Abuse of power, nepotism and corruption: For his clan, future President Marcos must prevent justice from reclaiming ill-gotten property from his family during his father’s dictatorship. Since he will be responsible for the responsible commission as President, this should succeed. Undoubtedly, the system of political dynasty encourages abuse of power, nepotism and corruption by emphasizing family ties over expertise. The clans are very attractive as partners for foreign investors because they have a great deal of influence on decision-makers. A Filipino nuclear family with an average of four children has dozens of relatives over several generations. Such an extended family has an interest in placing members in different areas: in the civil service, with the security organs, in the business world, in the church, as a work migrant abroad or even with a guerrilla group. So there is always someone with connections and influence to help the family. Elections favor candidates with well-known surnames, after which numerous public buildings in their strongholds are named. In Ilocos Norte, Ferdinand Marcos‘ birthday has even been a public holiday since 2019. The clan names are more familiar to all than party abbreviations. As shown by Joseph Estrada, who rose from actor to president, celebrities are now establishing new dynasties. Now two of Estrada’s sons have been elected to the Senate, in which three families hold a quarter of the seats. To break the system of political clans, it would have to be forbidden for people to hold public offices that were last held by relatives. Such proposals have been around for a long time. But that would have to be decided by the parliament full of clan representatives. That won’t happen under Marcos.
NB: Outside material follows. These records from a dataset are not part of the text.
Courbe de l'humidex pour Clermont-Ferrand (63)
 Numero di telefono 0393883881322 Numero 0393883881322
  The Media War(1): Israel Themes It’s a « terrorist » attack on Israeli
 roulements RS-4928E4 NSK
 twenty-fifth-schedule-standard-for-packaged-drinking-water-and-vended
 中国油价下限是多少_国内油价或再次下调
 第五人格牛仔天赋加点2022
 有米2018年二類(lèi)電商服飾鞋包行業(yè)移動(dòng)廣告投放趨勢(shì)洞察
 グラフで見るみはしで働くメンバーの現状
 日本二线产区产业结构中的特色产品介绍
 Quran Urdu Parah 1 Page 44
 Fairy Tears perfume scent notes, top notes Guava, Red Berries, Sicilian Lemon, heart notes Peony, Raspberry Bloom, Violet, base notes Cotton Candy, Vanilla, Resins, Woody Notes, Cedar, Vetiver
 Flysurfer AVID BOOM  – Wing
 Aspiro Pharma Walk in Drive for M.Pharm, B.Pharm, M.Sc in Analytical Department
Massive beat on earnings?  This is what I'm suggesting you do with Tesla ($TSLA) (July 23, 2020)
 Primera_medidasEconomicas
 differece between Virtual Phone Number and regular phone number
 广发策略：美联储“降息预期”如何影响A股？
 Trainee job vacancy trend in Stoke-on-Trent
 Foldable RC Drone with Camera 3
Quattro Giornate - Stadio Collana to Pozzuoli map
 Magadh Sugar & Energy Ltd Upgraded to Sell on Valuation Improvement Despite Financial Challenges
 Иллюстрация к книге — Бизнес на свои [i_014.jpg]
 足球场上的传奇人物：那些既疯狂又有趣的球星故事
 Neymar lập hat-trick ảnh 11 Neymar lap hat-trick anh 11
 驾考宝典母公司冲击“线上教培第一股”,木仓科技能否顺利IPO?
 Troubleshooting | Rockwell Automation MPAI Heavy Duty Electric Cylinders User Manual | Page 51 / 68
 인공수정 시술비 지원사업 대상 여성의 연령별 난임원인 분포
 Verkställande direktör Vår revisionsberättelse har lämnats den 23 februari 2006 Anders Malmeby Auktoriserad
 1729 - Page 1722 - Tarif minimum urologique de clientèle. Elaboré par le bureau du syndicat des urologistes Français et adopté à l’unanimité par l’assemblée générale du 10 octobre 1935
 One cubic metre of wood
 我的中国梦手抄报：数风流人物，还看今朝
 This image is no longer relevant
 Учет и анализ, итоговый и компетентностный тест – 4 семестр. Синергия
Dr. Wolfgang Sachsenroeder had the following anaylsis of the election victory of the Marcos clan at the website of the South East Asiia Party Forum:

The Marcos Clan:  Back to power after 36 years

Posted on May 16, 2022

An electoral triumph with a professional social media campaign

For the late dictator’s wife, Imelda Marcos (92), her eldest son, Ferdinand Marcos Jr., the new president of the Philippines, is close to a reincarnation of her husband. In an interview in 1991, when she and her children were allowed to come back to Manila from their exile in Hawaii, she said: “He sounds like his father. I listen to Bongbong, it’s eerie. Like Ferdinand was there. Even in his mannerisms. His voice. His movements. His hand movements.  When he walks. I surely feel Ferdinand the First was born again in Ferdinand the Second.” (Asia Times)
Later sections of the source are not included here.